I'll bash Java as much as the next guy, but when people start to throw around
the 'C' word, that's where I draw the line. Being compared to COBOL is kind of like being compared to
Hitler. As Dijkstra said in 1975:
The use of COBOL cripples the mind; its teaching should, therefore, be regarded as a criminal offence.
Would anyone say the same about Java with a strait face?
The Perils of Java Schools offers some of the harshest criticism of Java to receive widespread attention. What's the chief complaint? Java is too easy! I'm serious. Joel actually asserts that Java is not difficult enough for a college curriculum. He argues that C++, with its pointer-juggling headaches, is much better at weeding out lesser minds.

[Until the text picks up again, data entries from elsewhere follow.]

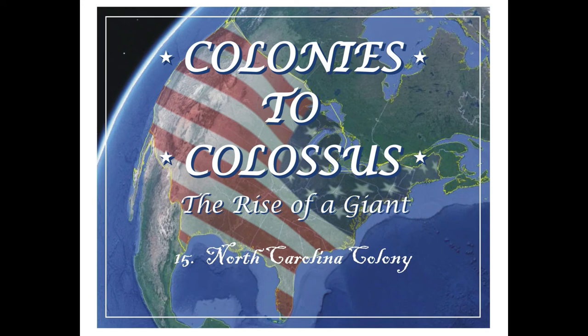Hello, I'm glad you could join us for podcast number 15 in my series, Colonies to Colossus: The Rise of a Giant. In this podcast, we'll take a look at the colony of North Carolina.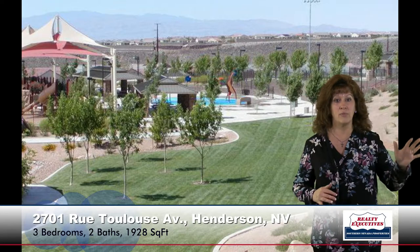The community is Madera Canyon. Madera Canyon has parks and playground areas — it's just a really neat place to live.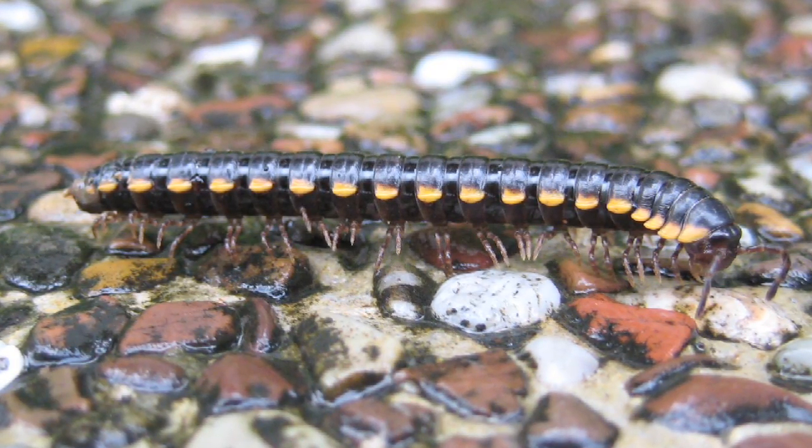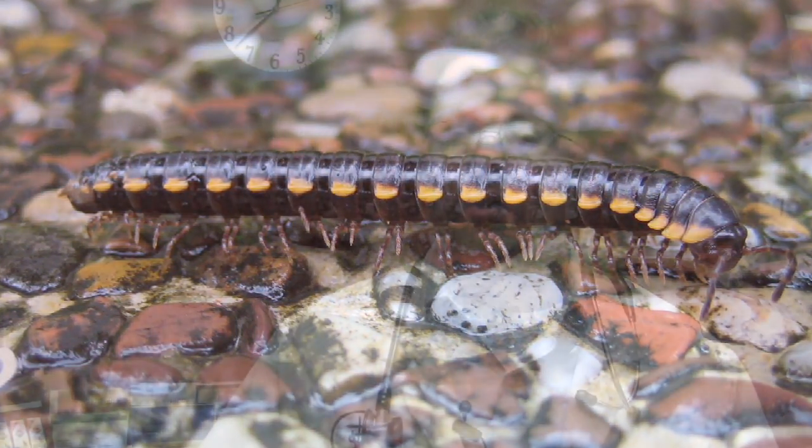It depends on the species, and the name is kind of a misnomer because it leads you to believe that they have a thousand legs. But watching them walk, you would think that they have many more legs than they actually do.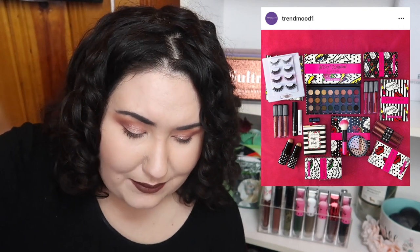This one went completely over my head — I had no idea Betsey Johnson was coming out with a makeup line. The palette looks kind of meh, the lashes look okay, but I had never heard about this at all. Did you guys even know this was coming out?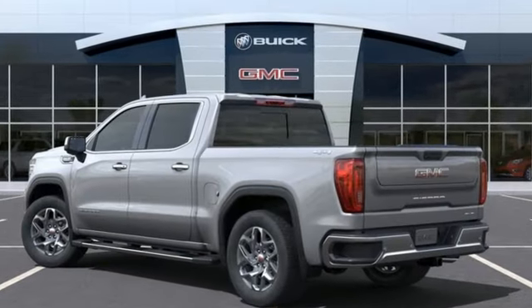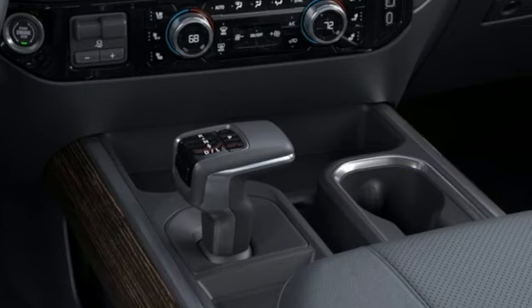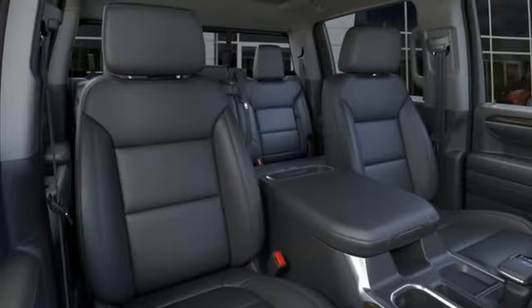V8 engine, four-wheel drive, engine auto stop-start feature, trailer brake controller, integrated navigation system with voice activation.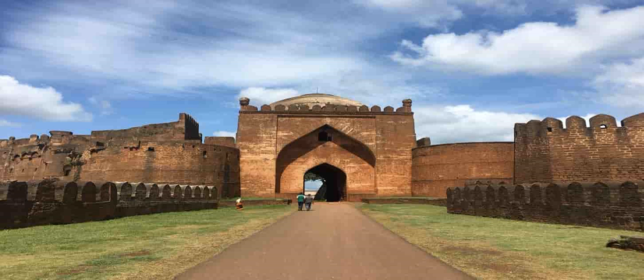Excavations by the Archaeological Department of Hyderabad have exposed the original pavement of the eastern entrance. The masonry of its outer and inner gateways, which must have comprised large blocks of carved stone, has all disappeared — perhaps taken away for use in modern buildings.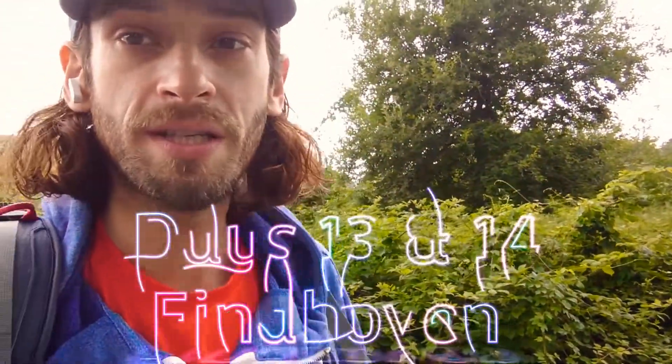Good morning everybody, just getting us going here today. This is the start of the Eindhoven section. We arrived here last night late.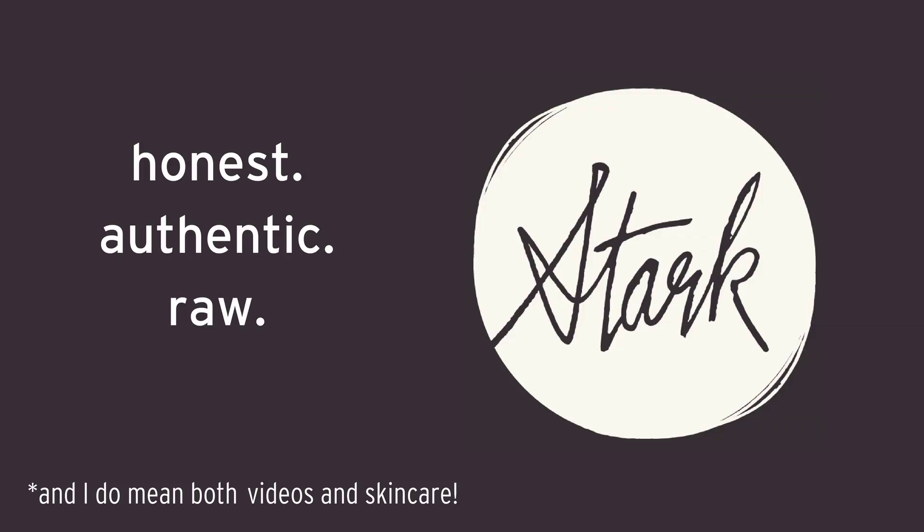Hey guys, Jess from Stark Skin Care here. Welcome back to my channel, or welcome to my channel. If you haven't subscribed yet, I often forget to ask, but please do subscribe. I put out videos pretty much every week — sometimes two a week, sometimes I skip a week, but it's almost every week.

This is such a bizarre thing to say that I hardly know where to start.
First off, I went to
MST (formerly UMR) where our CS department uses C++ and we're damn proud of it. Therefore, it is with a heavy heart that I admit the following: Yes, Java is easier, but that's not a bug, it's a feature! Making programming easier is a
Good Thing.
Second, there actually exist C++ programmers who don't understand recursion. Sad but true. It's even possible (albeit rare) to make it through my school's pointer minefield without being able to recurs your way out of a wet paper bag. Joel is just plain wrong to assume that there is a single "part of the brain" whose purpose is to grok pointers and recursion. Pointers and recursion are not the same. At all.
I'll grant that someone who only knows Java is unlikely to understand pointers, but how bad is that really? Pointers don't help you think in higher levels of abstraction. They exist for the sole purpose of getting in your way. Other respectable languages without pointers include: Lisp, Python, Haskell, Ocaml, and Scala.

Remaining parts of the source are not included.